- [Problem to work on]:
For this exercise, transcribe the records below without changing a word.

* * *

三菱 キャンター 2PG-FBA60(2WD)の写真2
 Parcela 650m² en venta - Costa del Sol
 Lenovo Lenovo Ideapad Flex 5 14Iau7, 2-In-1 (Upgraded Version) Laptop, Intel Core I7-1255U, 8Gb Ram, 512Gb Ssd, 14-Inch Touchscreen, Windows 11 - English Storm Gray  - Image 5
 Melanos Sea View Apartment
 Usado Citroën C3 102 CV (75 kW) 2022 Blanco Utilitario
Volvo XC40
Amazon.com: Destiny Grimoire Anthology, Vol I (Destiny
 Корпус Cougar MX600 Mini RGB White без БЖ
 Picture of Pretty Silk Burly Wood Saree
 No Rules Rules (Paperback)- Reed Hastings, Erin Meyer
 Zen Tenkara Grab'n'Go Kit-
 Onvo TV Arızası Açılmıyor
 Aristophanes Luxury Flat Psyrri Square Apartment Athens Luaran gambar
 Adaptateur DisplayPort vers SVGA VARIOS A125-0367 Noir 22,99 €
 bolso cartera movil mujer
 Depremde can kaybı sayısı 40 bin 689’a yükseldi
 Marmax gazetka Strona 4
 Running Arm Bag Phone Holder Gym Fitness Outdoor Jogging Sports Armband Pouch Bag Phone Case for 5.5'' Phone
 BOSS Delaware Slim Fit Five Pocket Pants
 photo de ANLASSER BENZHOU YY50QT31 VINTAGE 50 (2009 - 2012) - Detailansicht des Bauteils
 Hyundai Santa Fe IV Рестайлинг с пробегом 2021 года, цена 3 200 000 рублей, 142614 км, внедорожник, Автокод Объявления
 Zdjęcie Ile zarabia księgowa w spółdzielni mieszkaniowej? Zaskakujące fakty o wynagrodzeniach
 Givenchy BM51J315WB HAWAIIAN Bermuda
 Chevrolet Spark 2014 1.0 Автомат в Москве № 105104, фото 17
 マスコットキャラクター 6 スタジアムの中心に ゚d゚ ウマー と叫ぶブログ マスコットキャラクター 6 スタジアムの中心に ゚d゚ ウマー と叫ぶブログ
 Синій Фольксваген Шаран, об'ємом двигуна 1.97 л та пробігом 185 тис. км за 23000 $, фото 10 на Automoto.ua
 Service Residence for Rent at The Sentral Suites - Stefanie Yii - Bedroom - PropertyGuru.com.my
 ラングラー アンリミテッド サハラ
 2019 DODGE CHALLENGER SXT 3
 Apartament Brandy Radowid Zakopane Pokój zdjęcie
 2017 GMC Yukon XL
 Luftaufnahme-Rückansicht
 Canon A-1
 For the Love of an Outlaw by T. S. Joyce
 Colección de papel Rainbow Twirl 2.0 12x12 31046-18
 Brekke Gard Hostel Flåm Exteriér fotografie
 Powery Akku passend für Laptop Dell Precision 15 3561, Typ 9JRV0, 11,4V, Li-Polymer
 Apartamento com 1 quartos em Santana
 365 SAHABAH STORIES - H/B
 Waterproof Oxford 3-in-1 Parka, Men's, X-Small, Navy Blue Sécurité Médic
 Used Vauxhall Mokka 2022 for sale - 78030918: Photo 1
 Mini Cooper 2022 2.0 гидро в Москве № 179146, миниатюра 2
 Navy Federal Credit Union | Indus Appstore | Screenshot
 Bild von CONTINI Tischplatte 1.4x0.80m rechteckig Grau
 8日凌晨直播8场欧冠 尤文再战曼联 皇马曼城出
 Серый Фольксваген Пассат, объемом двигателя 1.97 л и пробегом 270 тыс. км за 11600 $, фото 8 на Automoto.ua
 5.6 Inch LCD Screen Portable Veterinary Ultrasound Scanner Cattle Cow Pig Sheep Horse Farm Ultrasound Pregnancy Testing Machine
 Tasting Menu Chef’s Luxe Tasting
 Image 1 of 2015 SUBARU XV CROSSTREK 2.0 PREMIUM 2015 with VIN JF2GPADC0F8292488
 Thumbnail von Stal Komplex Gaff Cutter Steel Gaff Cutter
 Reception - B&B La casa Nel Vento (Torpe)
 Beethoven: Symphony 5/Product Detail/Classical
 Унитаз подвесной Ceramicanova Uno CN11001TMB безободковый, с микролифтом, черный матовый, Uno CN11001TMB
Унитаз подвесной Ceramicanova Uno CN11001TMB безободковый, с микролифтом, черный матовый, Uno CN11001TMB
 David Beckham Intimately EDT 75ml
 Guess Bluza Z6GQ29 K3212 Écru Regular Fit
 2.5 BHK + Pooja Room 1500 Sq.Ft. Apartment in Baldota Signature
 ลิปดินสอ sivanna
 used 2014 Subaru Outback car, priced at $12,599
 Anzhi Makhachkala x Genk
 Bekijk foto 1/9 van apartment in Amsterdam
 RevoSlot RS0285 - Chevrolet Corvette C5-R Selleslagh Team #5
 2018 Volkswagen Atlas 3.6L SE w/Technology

* * *

- [Task result]:
三菱 キャンター 2PG-FBA60(2WD)の写真2
 Parcela 650m² en venta - Costa del Sol
 Lenovo Lenovo Ideapad Flex 5 14Iau7, 2-In-1 (Upgraded Version) Laptop, Intel Core I7-1255U, 8Gb Ram, 512Gb Ssd, 14-Inch Touchscreen, Windows 11 - English Storm Gray  - Image 5
 Melanos Sea View Apartment
 Usado Citroën C3 102 CV (75 kW) 2022 Blanco Utilitario
Volvo XC40
Amazon.com: Destiny Grimoire Anthology, Vol I (Destiny
 Корпус Cougar MX600 Mini RGB White без БЖ
 Picture of Pretty Silk Burly Wood Saree
 No Rules Rules (Paperback)- Reed Hastings, Erin Meyer
 Zen Tenkara Grab'n'Go Kit-
 Onvo TV Arızası Açılmıyor
 Aristophanes Luxury Flat Psyrri Square Apartment Athens Luaran gambar
 Adaptateur DisplayPort vers SVGA VARIOS A125-0367 Noir 22,99 €
 bolso cartera movil mujer
 Depremde can kaybı sayısı 40 bin 689’a yükseldi
 Marmax gazetka Strona 4
 Running Arm Bag Phone Holder Gym Fitness Outdoor Jogging Sports Armband Pouch Bag Phone Case for 5.5'' Phone
 BOSS Delaware Slim Fit Five Pocket Pants
 photo de ANLASSER BENZHOU YY50QT31 VINTAGE 50 (2009 - 2012) - Detailansicht des Bauteils
 Hyundai Santa Fe IV Рестайлинг с пробегом 2021 года, цена 3 200 000 рублей, 142614 км, внедорожник, Автокод Объявления
 Zdjęcie Ile zarabia księgowa w spółdzielni mieszkaniowej? Zaskakujące fakty o wynagrodzeniach
 Givenchy BM51J315WB HAWAIIAN Bermuda
 Chevrolet Spark 2014 1.0 Автомат в Москве № 105104, фото 17
 マスコットキャラクター 6 スタジアムの中心に ゚d゚ ウマー と叫ぶブログ マスコットキャラクター 6 スタジアムの中心に ゚d゚ ウマー と叫ぶブログ
 Синій Фольксваген Шаран, об'ємом двигуна 1.97 л та пробігом 185 тис. км за 23000 $, фото 10 на Automoto.ua
 Service Residence for Rent at The Sentral Suites - Stefanie Yii - Bedroom - PropertyGuru.com.my
 ラングラー アンリミテッド サハラ
 2019 DODGE CHALLENGER SXT 3
 Apartament Brandy Radowid Zakopane Pokój zdjęcie
 2017 GMC Yukon XL
 Luftaufnahme-Rückansicht
 Canon A-1
 For the Love of an Outlaw by T. S. Joyce
 Colección de papel Rainbow Twirl 2.0 12x12 31046-18
 Brekke Gard Hostel Flåm Exteriér fotografie
 Powery Akku passend für Laptop Dell Precision 15 3561, Typ 9JRV0, 11,4V, Li-Polymer
 Apartamento com 1 quartos em Santana
 365 SAHABAH STORIES - H/B
 Waterproof Oxford 3-in-1 Parka, Men's, X-Small, Navy Blue Sécurité Médic
 Used Vauxhall Mokka 2022 for sale - 78030918: Photo 1
 Mini Cooper 2022 2.0 гидро в Москве № 179146, миниатюра 2
 Navy Federal Credit Union | Indus Appstore | Screenshot
 Bild von CONTINI Tischplatte 1.4x0.80m rechteckig Grau
 8日凌晨直播8场欧冠 尤文再战曼联 皇马曼城出
 Серый Фольксваген Пассат, объемом двигателя 1.97 л и пробегом 270 тыс. км за 11600 $, фото 8 на Automoto.ua
 5.6 Inch LCD Screen Portable Veterinary Ultrasound Scanner Cattle Cow Pig Sheep Horse Farm Ultrasound Pregnancy Testing Machine
 Tasting Menu Chef’s Luxe Tasting
 Image 1 of 2015 SUBARU XV CROSSTREK 2.0 PREMIUM 2015 with VIN JF2GPADC0F8292488
 Thumbnail von Stal Komplex Gaff Cutter Steel Gaff Cutter
 Reception - B&B La casa Nel Vento (Torpe)
 Beethoven: Symphony 5/Product Detail/Classical
 Унитаз подвесной Ceramicanova Uno CN11001TMB безободковый, с микролифтом, черный матовый, Uno CN11001TMB
Унитаз подвесной Ceramicanova Uno CN11001TMB безободковый, с микролифтом, черный матовый, Uno CN11001TMB
 David Beckham Intimately EDT 75ml
 Guess Bluza Z6GQ29 K3212 Écru Regular Fit
 2.5 BHK + Pooja Room 1500 Sq.Ft. Apartment in Baldota Signature
 ลิปดินสอ sivanna
 used 2014 Subaru Outback car, priced at $12,599
 Anzhi Makhachkala x Genk
 Bekijk foto 1/9 van apartment in Amsterdam
 RevoSlot RS0285 - Chevrolet Corvette C5-R Selleslagh Team #5
 2018 Volkswagen Atlas 3.6L SE w/Technology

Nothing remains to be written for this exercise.